▸ **Data to examine**:
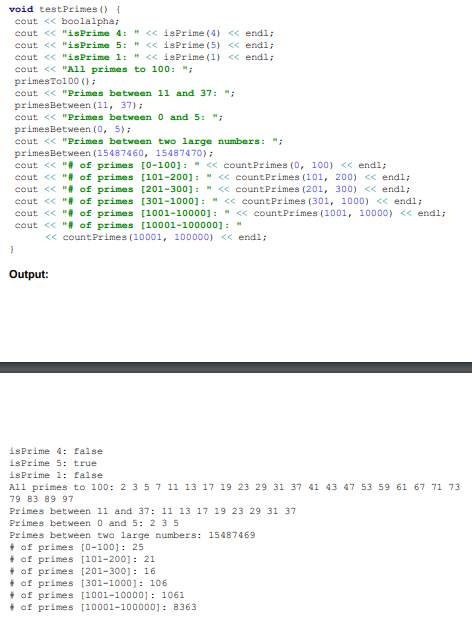 Solved Please use C++ Goal: Understanding nested loops | Chegg.com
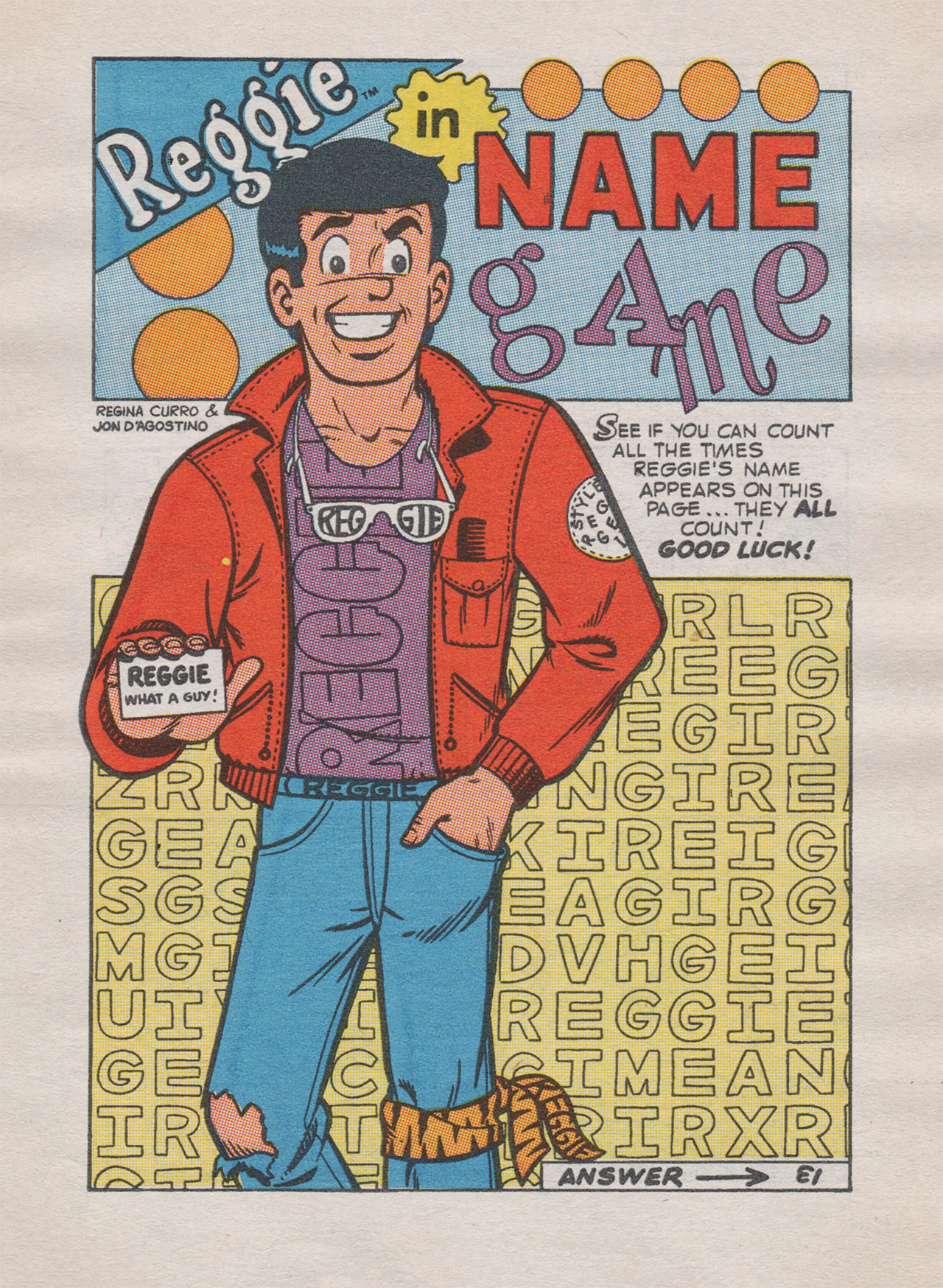 Read online Archie's Story & Game Digest Magazine comic -  Issue #12 - 22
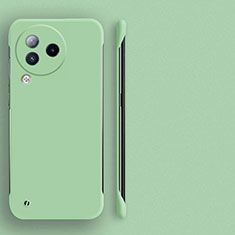 Coque Plastique Rigide Etui Housse Mat Sans Cadre P01 pour Xiaomi Civi 3 5G Pastel Vert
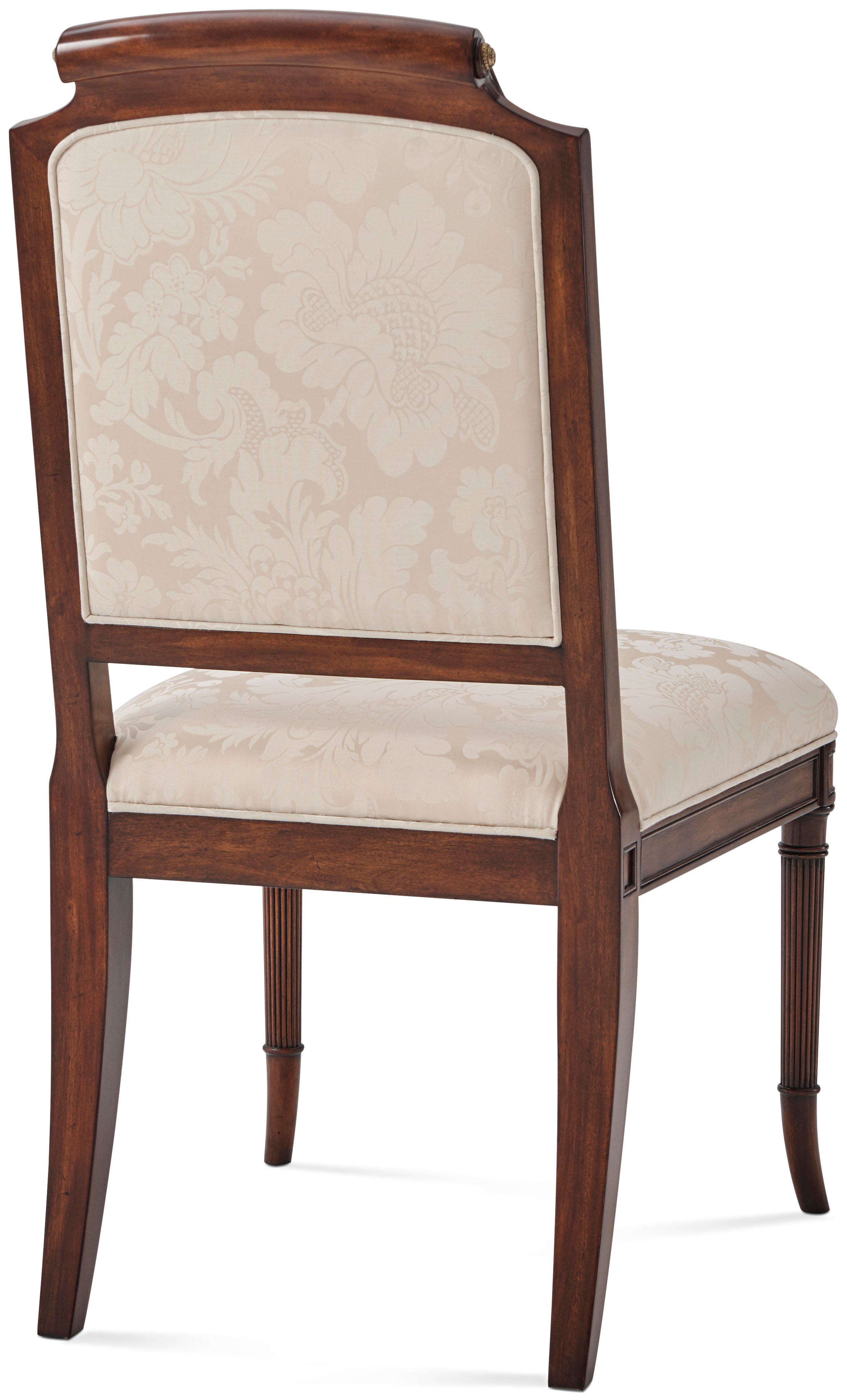 Atcombe Side Chair | Theodore Alexander | Sutter & Vale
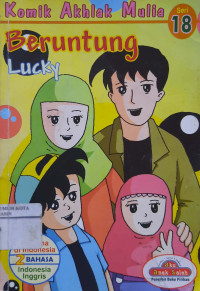 Image of Beruntung; Komik Akhlak Mulia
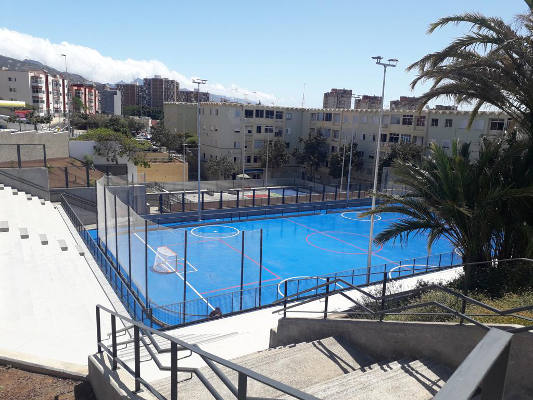 tenerife_Censo_Instalaciones_Deportivas_2020 Se actualiza y moderniza el Censo de Instalaciones Deportivas
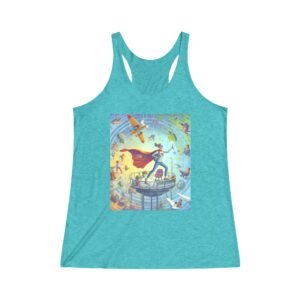 Women's Tank CEO of Chaos Mom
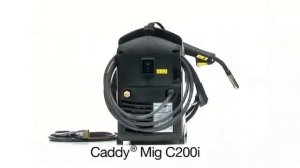 Полуавтомат ESAB Caddy Mig C200i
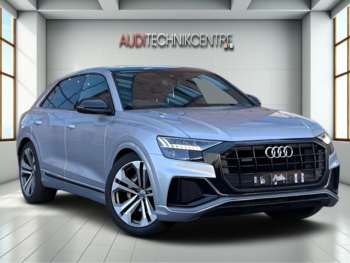 2019 - 50 TDI Quattro S Line 5dr Tiptronic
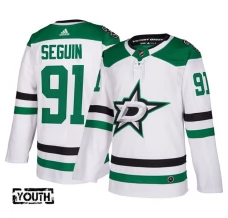 Lasten Dallas Stars Tyler Seguin 91 Pelipaita Valkoinen Authentic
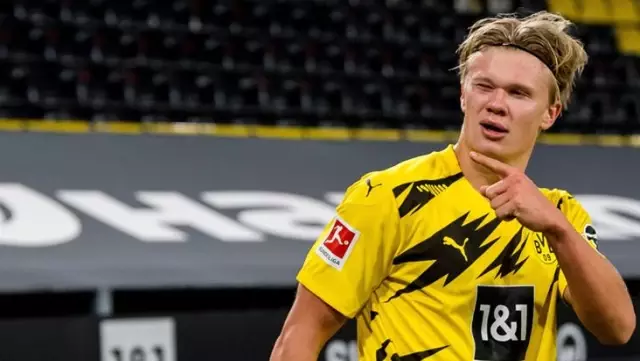 Erling Haaland son kararını verdi! Yıldız futbolcu, Real Madrid'de forma giymek istiyor Erling Haaland son kararını verdi! Yıldız futbolcu, Real Madrid'de forma giymek istiyor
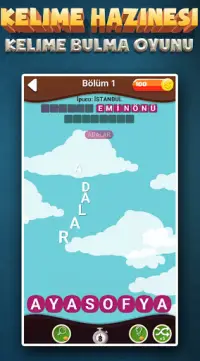 Kelime Hazinesi- Kelime Bulma Oyunu Screen Shot 4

▸ **Action item**: Print the whole listing again exactly, please. No pictures.

▸ **Solution to this task**:
 Solved Please use C++ Goal: Understanding nested loops | Chegg.com
 Read online Archie's Story & Game Digest Magazine comic -  Issue #12 - 22
 Coque Plastique Rigide Etui Housse Mat Sans Cadre P01 pour Xiaomi Civi 3 5G Pastel Vert
 Atcombe Side Chair | Theodore Alexander | Sutter & Vale
 Image of Beruntung; Komik Akhlak Mulia
 tenerife_Censo_Instalaciones_Deportivas_2020 Se actualiza y moderniza el Censo de Instalaciones Deportivas
 Women's Tank CEO of Chaos Mom
 Полуавтомат ESAB Caddy Mig C200i
 2019 - 50 TDI Quattro S Line 5dr Tiptronic
 Lasten Dallas Stars Tyler Seguin 91 Pelipaita Valkoinen Authentic
 Erling Haaland son kararını verdi! Yıldız futbolcu, Real Madrid'de forma giymek istiyor Erling Haaland son kararını verdi! Yıldız futbolcu, Real Madrid'de forma giymek istiyor
 Kelime Hazinesi- Kelime Bulma Oyunu Screen Shot 4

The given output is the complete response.